Abstract
Mobile phones and Wi-Fi radiofrequency radiation are among the main sources of the exposure of the general population to radiofrequency electromagnetic fields (RF-EMF). Previous studies have shown that exposure of microorganisms to RF-EMFs can be associated with a wide spectrum of changes ranged from the modified bacterial growth to the alterations of the pattern of antibiotic resistance. Our laboratory at the nonionizing department of the Ionizing and Non-ionizing Radiation Protection Research Center has performed experiments on the health effects of exposure to animal models and humans to different sources of electromagnetic fields such as cellular phones, mobile base stations, mobile phone jammers, laptop computers, radars, dentistry cavitrons, magnetic resonance imaging, and Helmholtz coils. On the other hand, we have previously studied different aspects of the challenging issue of the ionizing or nonionizing radiation-induced alterations in the susceptibility of microorganisms to antibiotics. In this study, we assessed if the exposure to 900 MHz GSM mobile phone radiation and 2.4 GHz radiofrequency radiation emitted from common Wi-Fi routers alters the susceptibility of microorganisms to different antibiotics. The pure cultures of Listeria monocytogenes and Escherichia coli were exposed to RF-EMFs generated either by a GSM 900 MHz mobile phone simulator and a common 2.4 GHz Wi-Fi router. It is also shown that exposure to RF-EMFs within a narrow level of irradiation (an exposure window) makes microorganisms resistant to antibiotics. This adaptive phenomenon and its potential threats to human health should be further investigated in future experiments. Altogether, the findings of this study showed that exposure to Wi-Fi and RF simulator radiation can significantly alter the inhibition zone diameters and growth rate for L monocytogenes and E coli. These findings may have implications for the management of serious infectious diseases.
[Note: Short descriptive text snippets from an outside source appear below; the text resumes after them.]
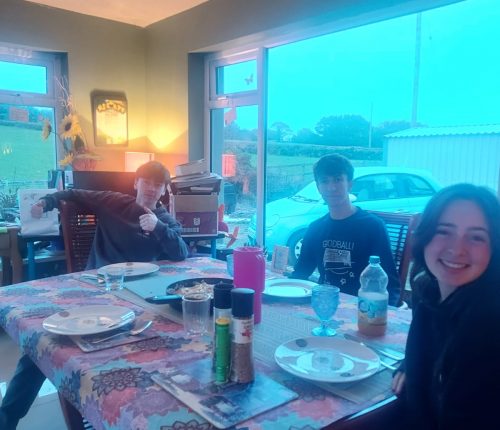 Pablo cenando con la familia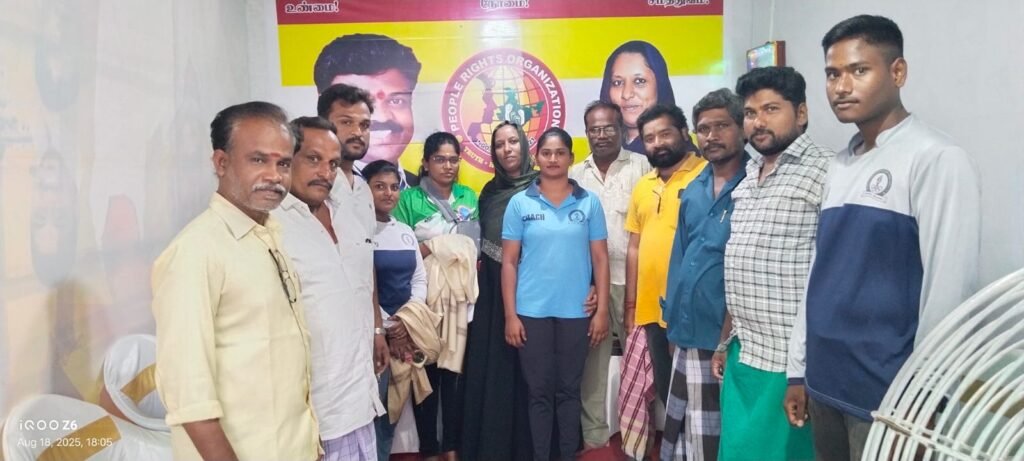 இளம் மல்யுத்த வீராங்கனைகளுக்கு பாராட்டு !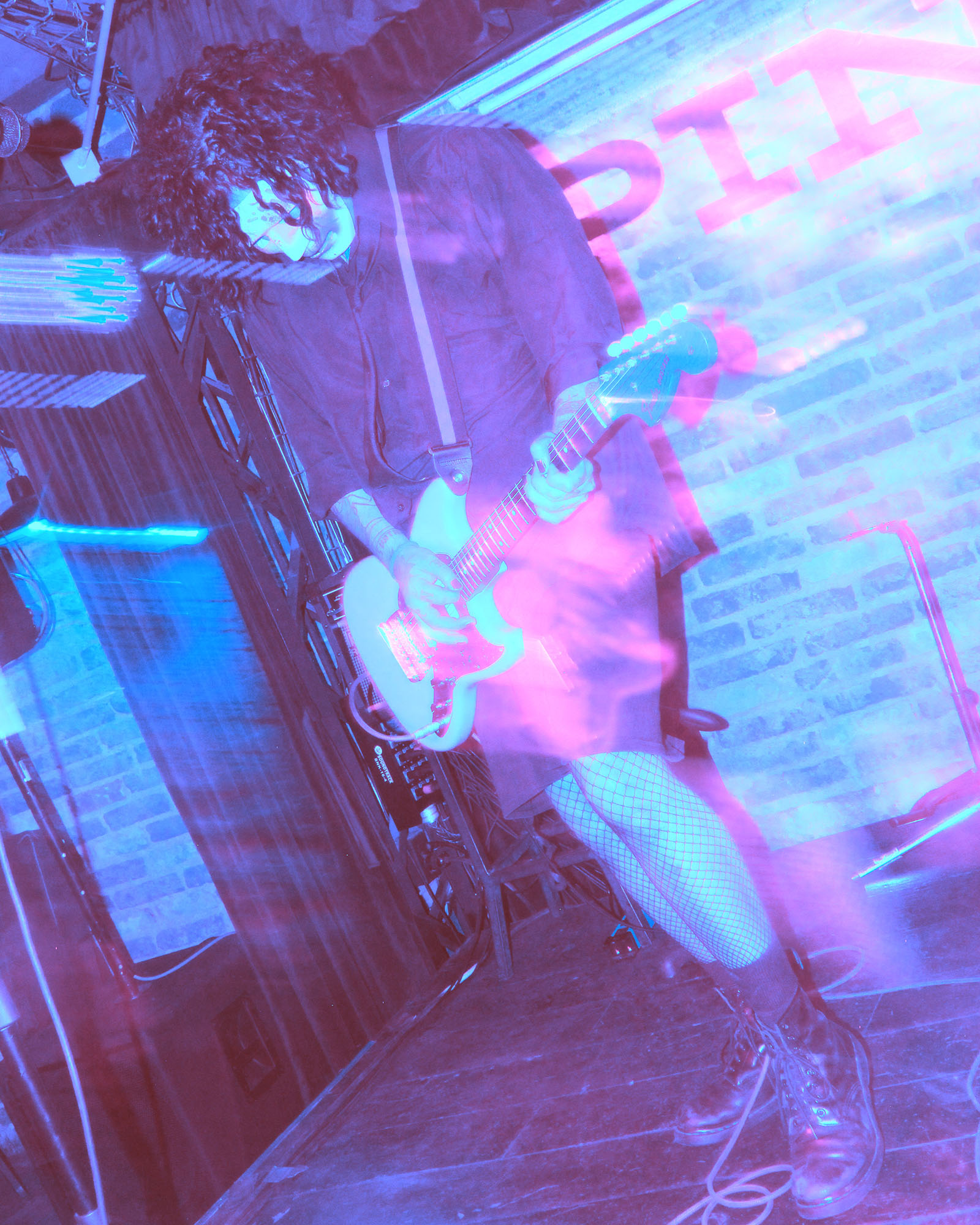 MINAKIM, banda de post punk y dark wave mexicana.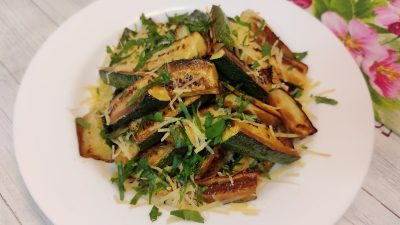 Жареные цукини с чесноком и сыром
Keywords: radiofrequency radiation, bacteria, Wi-Fi, antibiogram
Introduction
Antibiotic resistance is one of the most important threats to global health.1 According to World Health Organization, this problem is rising dangerously to high levels worldwide, which leads to longer hospitalization, higher medical costs, and raised mortality.2
Bacteria are becoming resistant to almost all commonly available antibiotics and this is a worldwide problem.1 Today, greater use of telecommunication technologies like Global System for Mobile communication (GSM), cordless phones, mobile base stations, wireless personal, and local area networks, such as bluetooth, has led to ever increasing exposure to radiofrequency electromagnetic fields (RF-EMF).3 Therefore, living organisms are now being exposed to microwaves and radiofrequency radiation signals from various sources.4 The effects of these radiations on the biological functions of living cells shows an emerging area of interest in human health with respect to environmental effects.5 Several studies were conducted to confirm the effects of electromagnetic radiation on cell functions6–8; however, the findings obtained in these studies were controversial. In particular, it was proven that EMF can affect functional parameters (cell growth and antimicrobial susceptibility).9–12
Listeria monocytogenes is a gram-positive, facultative anaerobe, nonspore-forming, motile, and rod-shaped bacterium.13 In 1952, it was recognized as the main cause of neonatal infection, meningitis, and sepsis.14 Listeria infection in adult patients is related to immunocompromised systems like HIV infection,15 organ transplants, individuals who have received corticosteroids, and immunosuppressant drugs for their malignancies. Escherichia coli known as E coli, a gram-negative, rod-shaped, facultatively anaerobic bacterium,16 is a common cause of life-threatening infections such as bloodstream and urinary tract infections, otitis media, and other complications.17
Our laboratory at the nonionizing department of the Ionizing and Non-ionizing Radiation Protection Research Center has performed experiments on the health effects of exposure to animal models and humans to different sources of electromagnetic fields such as cellular phones,18–20 mobile base stations,21 mobile phone jammers,22,23 laptop computers,24 radars,25 dentistry cavitrons,26 magnetic resonance imaging,27,28 and Helmholtz coils.29,30 In this study, we assessed whether the exposure to 900 MHz and 2.4 GHz RF-EMF emitted from GSM and a common Wi-Fi router could change the susceptibility of microorganisms to different antibiotics.
Materials and Methods
Antibiotic Susceptibility Test
In the current study, L monocytogenes ATCC 19115 was used and E coli strain was isolated from patients in Faghihi hospital, Shiraz, Iran. Escherichia coli strain was characterized by conventional methods including morphological and biochemical tests and confirmed using API 20 E method. The pure cultures of L monocytogenes and E coli were diluted in Mueller-Hinton Broth to reach 0.5 McFarland turbidity standards to get 1.5 × 108 CFU/mL as the total count.31 Bacterial suspensions were spread on plates and cultured with a set of 6 antimicrobial substances; they were tested by disk diffusion method (Kirby-Bauer method) on Mueller-Hinton agar (MHA-Biolife, Italy) plates and E coli ATCC 25922 was used as the quality control for antibiotic susceptibility tests, according to the Clinical and Laboratory Standards Institute guidelines (CLSI, 2013). The incubation period was 18 to 24 hours at 35°C, and then inhibition zones for each disk were measured.
Antimicrobial Agents
Antibiotics used for E coli tests were imipenem (10 μg), levofloxacin (LEVO 5 μg), aztreonam (30 μg), ciprofloxacin (CIPR 5 μg), cefotaxime (CTX 30 μg), and piperacillin (100 μg). Listeria monocytogenes tests were conducted using doxycycline (DOX 30 μg), sulfamethoxazole–trimethoprim (SXT 25 μg), LEVO 5μg, CTX 30 μg, CIPR 5 μg, and ceftriaxone (CTR 30 μg) antibiotics.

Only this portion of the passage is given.